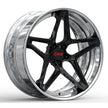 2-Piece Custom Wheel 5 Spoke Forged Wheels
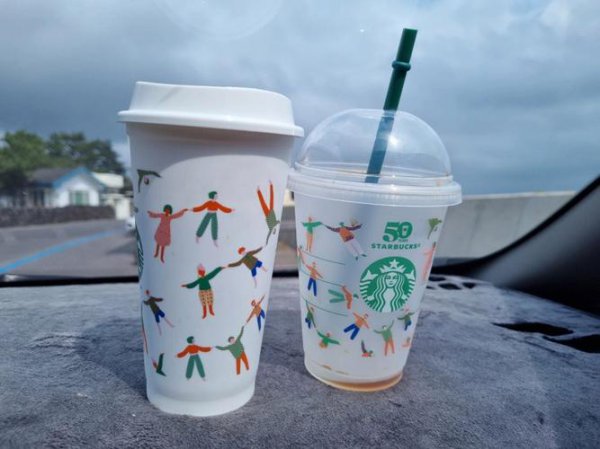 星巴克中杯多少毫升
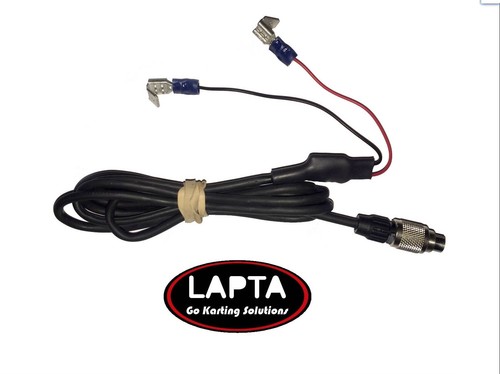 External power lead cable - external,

************

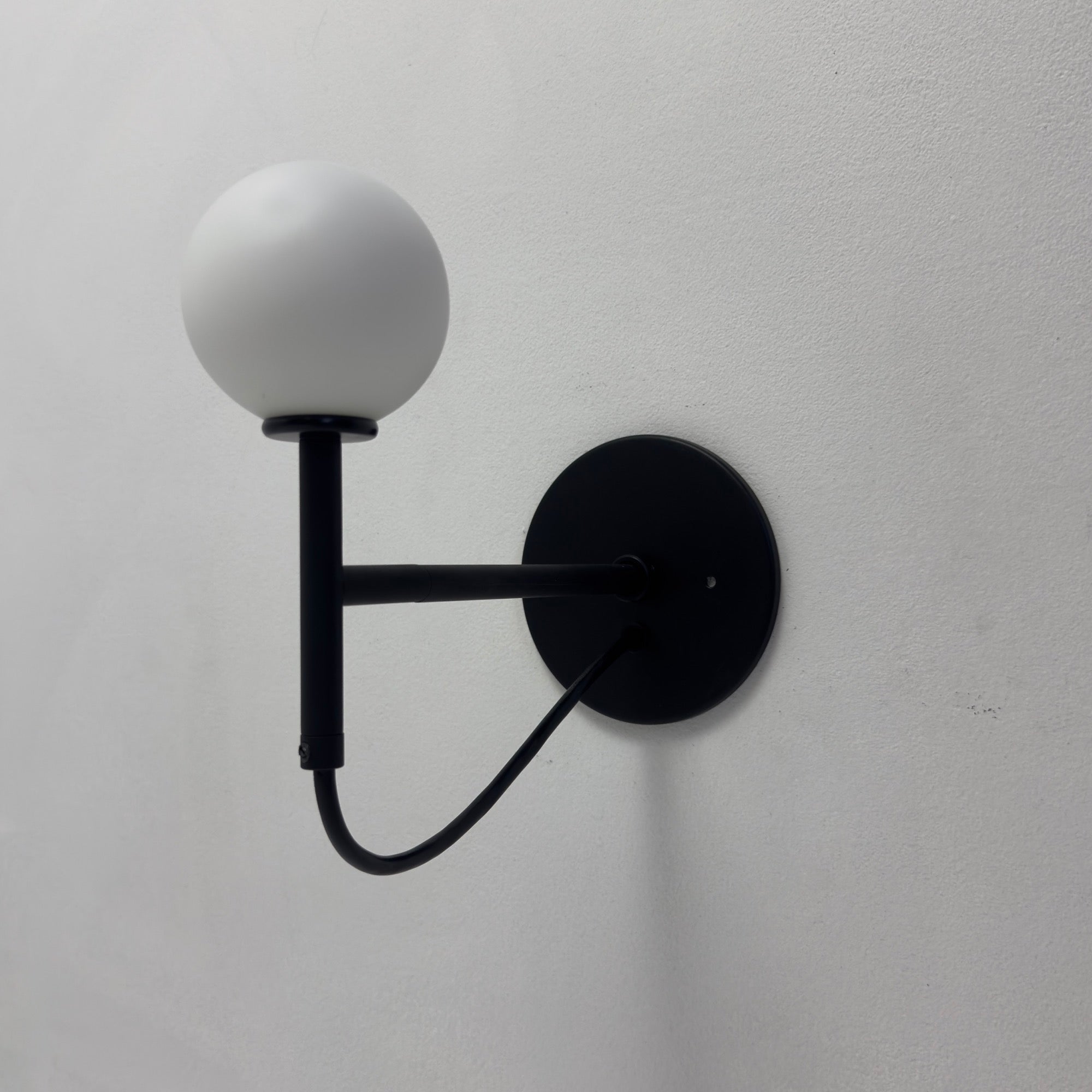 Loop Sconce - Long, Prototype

************

* Work task:
Give the lines above again exactly, from the one containing "2-Piece Custom Wheel 5 Spoke Forged Wheels" to the one containing "External power lead", both included, but leave out the pictures.

* Exercise output:
 2-Piece Custom Wheel 5 Spoke Forged Wheels
 星巴克中杯多少毫升
 External power lead cable - external,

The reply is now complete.